A questa prima fase di prudenza, ne è succeduta un’altra che ha coinciso prima con la delimitazioni delle zone rosse in Lombardia e in Veneto e poi con la chiusura delle scuole e delle università in tutta Italia. In questo caso il governo, criticato in un primo momento per essere stato troppo cauto, è stato stigmatizzato per il suo allarmismo. Di seguito è arrivata la fase numero tre, quella attuale che estende enormemente l’«area 1», coincidente con buona parte del Nord Italia, l’«area 2», coinvolgendo l’intera Penisola.

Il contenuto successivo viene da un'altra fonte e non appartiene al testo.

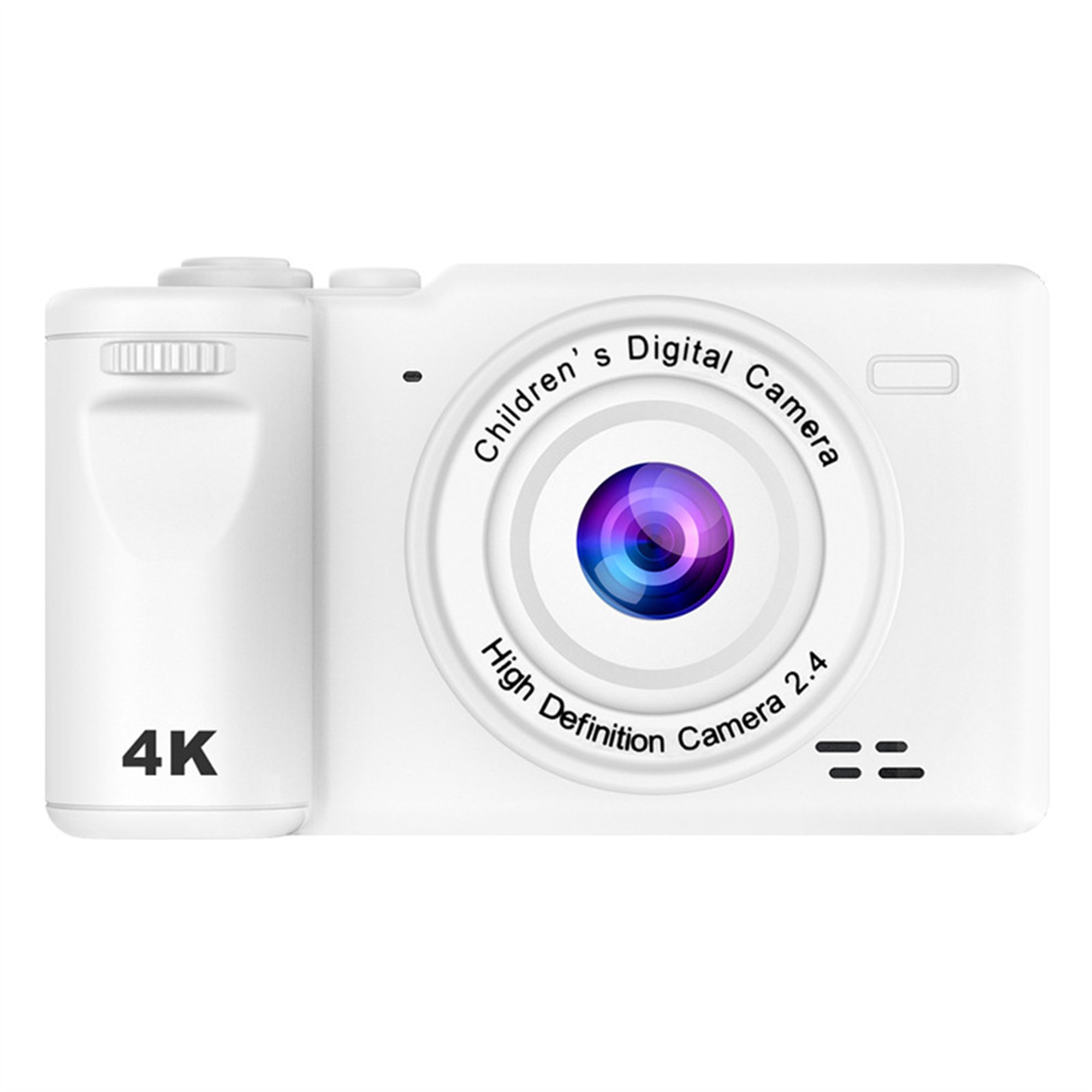 Eine weiße Digitalkamera mit lila Linse und Text, der 'Children's Digital Camera 2.4' lautet.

I rischi che sono all’orizzonte riguardano soprattutto la tenuta del sistema sanitario nazionale, ora sostenuto nella durissima prova dal valore dei suoi operatori, e poi le conseguenze economiche che si preannunciano gravi. Il governo deve dunque muoversi lungo questo vastissima fronte e deve farlo con tempestività, dimostrando di essere all’altezza. Giuseppe Conte, come gli è capitato di fare anche in passato, si è assunto in prima persona la responsabilità politica della gestione della crisi. Essendo il presidente del Consiglio, è giusto che egli risponda dell’operato dell’intero Esecutivo, ma è sicuramente apprezzabile che lo affermi apertamente, mettendoci la faccia come usa dire oggi, senza nascondersi dietro i compiti altrui. Il coinvolgimento delle opposizioni, da parte di Palazzo Chigi, è voluto e cercato: da loro Conte e i suoi ministri si aspettano proposte concrete che peraltro sono arrivate. Le polemiche in tutti questi giorni si sono via via attenuate tanto da dare l’impressione di una sorta di sospensione della dialettica politica.

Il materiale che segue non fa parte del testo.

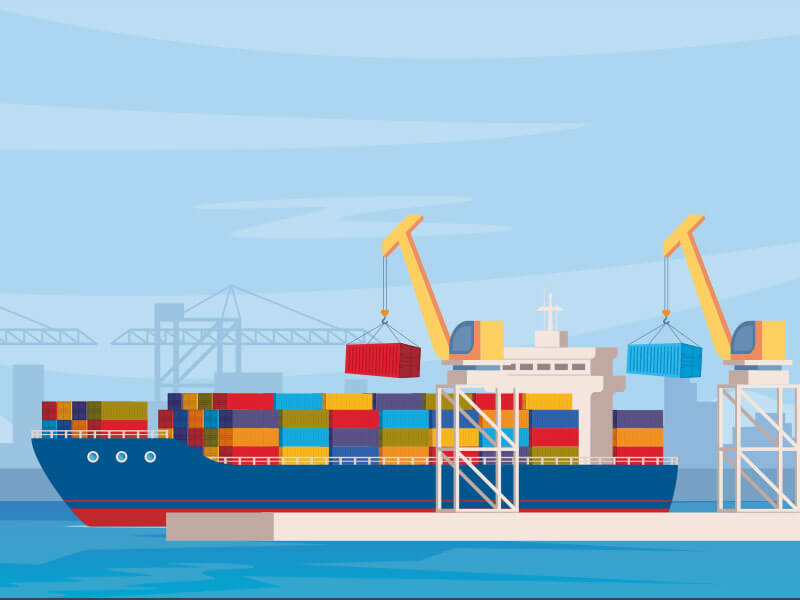 An illustration depicting a shipping terminal with a cargo vessel, containers, and cranes visible. 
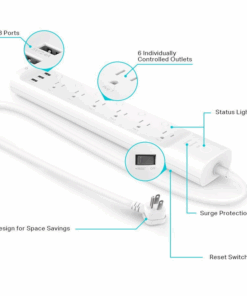 Alternative view of Kasa Smart WiFi Power Strip by TP-Link - 6 Outlet Surge Protection, Works with Alexa Echo & Google (HS300)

In una situazione difficilissima Conte riceve anche qualche apprezzamento non di poco conto, come quello dell’Organizzazione Mondiale della Sanità che si congratula soprattutto per le ultime misure adottate, quelle più severe. C’è però un vero problema nell’azione del governo che dovrà in fretta essere risolto: la strategia comunicativa non è all’altezza delle necessità. Quando Mattarella, nel suo videomessaggio, auspicava decisioni «univoche» nel governo si riferiva certamente alla confusione creatasi con la decisione di chiusura delle scuole – anticipata da un ministro, smentita da un’altra ministra, confermata solo dopo ore di notizie contraddittorie.

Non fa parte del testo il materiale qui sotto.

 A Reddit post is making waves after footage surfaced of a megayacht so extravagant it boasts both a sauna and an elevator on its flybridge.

Purtroppo due notti fa la scena si è ripetuta con la fuga di notizie sull’ultimo decreto il cui contenuto è stato diffuso quando era ancora in bozze e dunque suscettibile di cambiamento. Il rimpallo delle responsabilità – chi ha diffuso il testo provvisorio? Hanno fatto bene i giornali a diffonderlo? – non diminuisce il panico che la notizia così mal comunicata ha improvvisamente creato nell’opinione pubblica: le immagini della gente che nella notte va a prendere di corsa l’ultimo treno in partenza da Milano verso il Centro-Sud, sono più che eloquenti. In una società in cui la comunicazione è addirittura più importante dell’azione, il governo non può trovarsi in difficoltà proprio su questo fronte. Ma sembra che ormai anche il Presidente del Consiglio ne sia consapevole.